As for the affairs of the “leaders” in their personal lives, there is even more in the material bag. I had the honor to see such material about Gubishev, the deputy chairman of the Council of People’s Commissars: he “stole” the wife of the chairman of the National Bank Council at a party and “hid” her in her room for three days, so that the Council of People’s Commissars had to cancel all the scheduled meetings during these three days. The meeting of the People’s Commissariat had to cancel all the scheduled meetings during these three days. In 1932 he drunkenly raped the thirteen-year-old daughter of the second secretary of the Moscow City Committee at a reception, and in 1927, on a business trip to Paris, he invited several staff members of the Soviet Embassy to take his wife to a nightclub and gave a large tip to the prostitutes there. Stalin, however, did not usually take such discreditable material lightly, except when he felt the need to discipline his senior aides.

Yagoda was Stalin’s eyes and ears. He installed very concealed bugs in the apartments and villas of almost every Politburo member and People’s Commissar, and reported the information he heard to Stalin in a timely and confidential manner. This was the reason why Stalin knew everything about his “close comrades” and even knew what they had accidentally revealed to their wives, children, brothers or friends. All this saved Stalin’s dictatorship from many mishaps.

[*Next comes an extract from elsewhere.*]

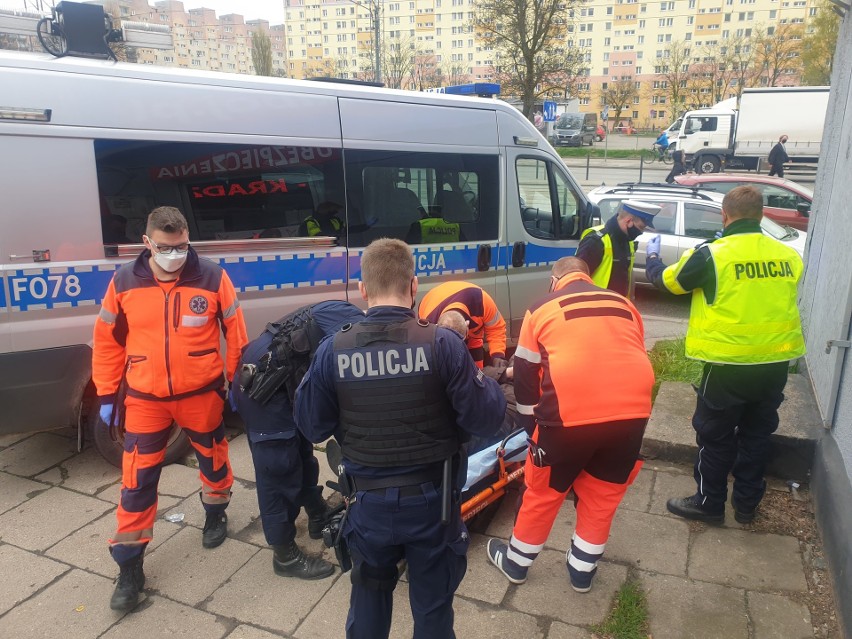 Osłabionego wypitym alkoholem mężczyznę zauważył patrol...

Stalin, by the way, was “jealous” and was especially jealous of the establishment of personal relationships between his close friends or between members of the Politburo. If these people often met in groups of three or two in their free Time, Yagoda had to “keep his ears open” and report the situation to Stalin. Stalin believed that people who had personal friends always trusted each other, and this trust was likely to lead to the emergence of groups or factions opposed to him. Whenever this happened, Stalin always tried to sow discord among these newly established personal friends, and if this did not work and was detected, they were separated: one or two of them were transferred out of Moscow, or other “organizational measures” were taken.